With that said, I am Audi 5000 y’all!

Sobriety Counter: 38 Days = 1 Month And 7 Days

Sober Reading

Happy Monday my homies and homettes. I hope that you enjoy your morning, noon, evening or night to the fullest, and make sure to stay clean or sober.

Even though I’ve been sober for a little over a month now, I’m looking for things to do, in order to keep my crazy mind busy. But I want to make sure, that I don’t get involved in things that I will later hate or will become boring.

One thing that I have loved since I was a young teenager is reading. And trust me, I have a couple of books I bought a while back, that are screaming to get read. So, I will get started with that soon, while I figure out what’s my next move.

With that said, I am Audi 5000 y’all!

Sobriety Counter: 37 Days = 1 Month And 6 Days

Don't Be A Dry Drunk!

Good morning and Happy Sunday my homies and homettes. I hope that you enjoy your day to the best of your ability. Remember to take it one day at a time, but if you are a weekend binge drinker like me, then take it one weekend at a time.

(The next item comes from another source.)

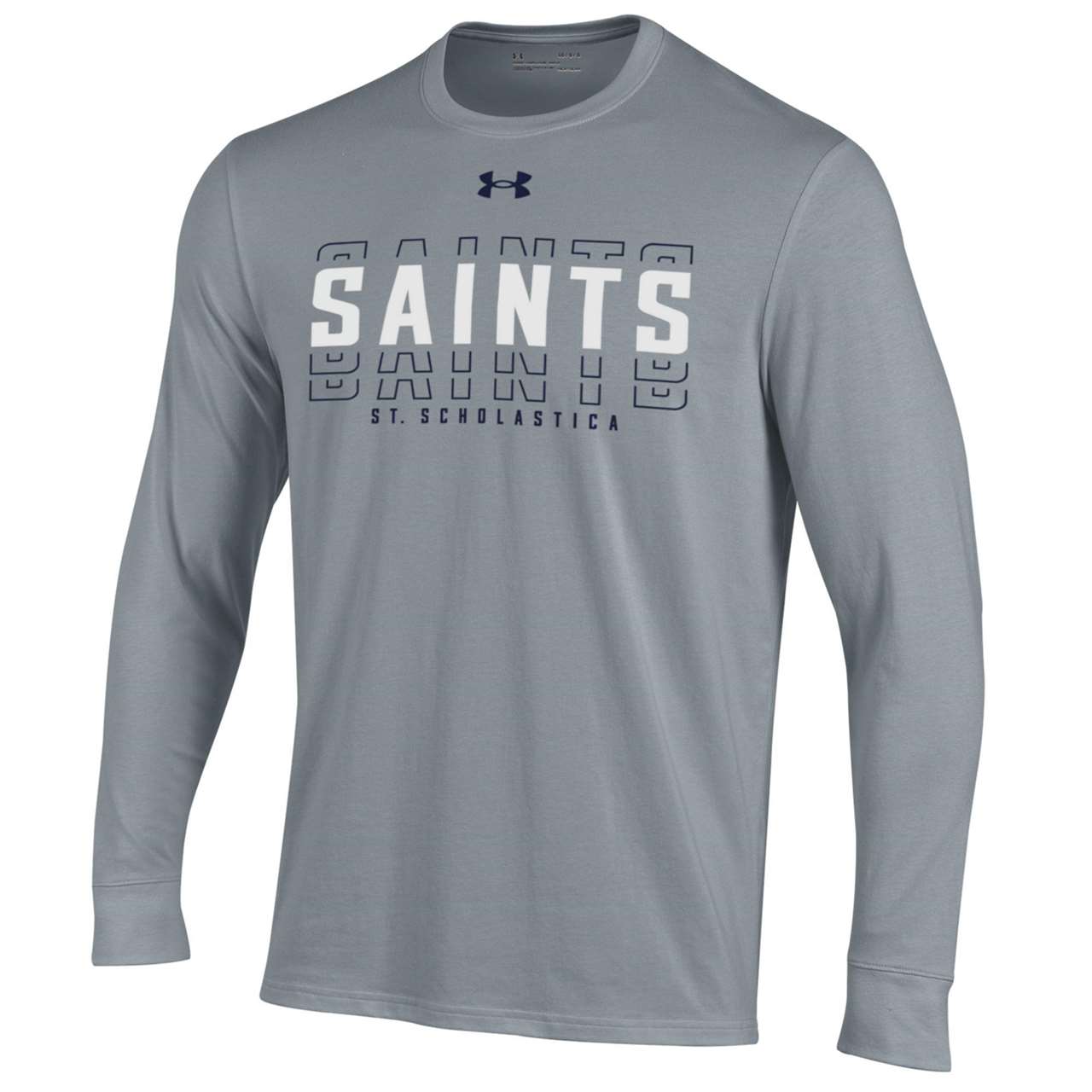 Under Armour Performance Cotton L/S Tee - Steel Heather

I have to say, that yesterday, while I was walking my furbaby Nino, I felt great. The temperature was warmer than normal here in New York City, but it was a little windy. And to be honest, just being sober and feeling the warm wind touch my body, was amazing. I felt like if I was experiencing it for the first time in my life.

There were a lot of things that I took for granted while I was drinking. So now, since I’m sober, I’m taking my time to enjoy them. Try to do the same kids, don’t just sit around thinking about the past and what could have been, read a book, go out for a walk, do something. But for God’s sake, don’t be a dry drunk.

With that said, I am Audi 5000 y’all!